Icahn: The Once And Future Dealmaker
James W. Kinnear, Texaco's former president and chief executive, will never forget the first time Carl C. Icahn tracked him down--at the dentist's office. It was 1987, and Kinnear was having a tooth pulled. But Icahn was determined to get through. A Texas court had ordered Texaco Inc. to pay Pennzoil Co. a mammoth $10.53 billion for acquiring Getty Oil Co. because Pennzoil already had a deal with Getty. Texaco vowed to take the case to the U.S. Supreme Court and started Chapter 11 proceedings to protect its assets. But Icahn, after snapping up a 12% stake, demanded that Kinnear take immediate action. Within a week, Pennzoil and Texaco agreed to settle for $3 billion. And Icahn went on his way with a $600 million profit.

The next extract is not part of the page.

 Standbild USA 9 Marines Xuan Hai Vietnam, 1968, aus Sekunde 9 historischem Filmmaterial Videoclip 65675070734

The triumph was classic Icahn. His knack has always been knowing just when to zig when the rest of the world is zagging. Whether speculating in junk-bond debt undervalued airline assets, or, more recently, shorting wildly inflated Internet stocks, Icahn has always bought when others are busy selling and the other way around. "Sometimes you come across something and you know it's a no-brainer," says Icahn, 64, sitting in Icahn & Associates' tony Fifth Avenue headquarters overlooking Central Park. Mixed amid the American fine art and antiques are leather-bound legal briefs and congratulatory letters from his many takeover deals, displayed like trophies of past victories.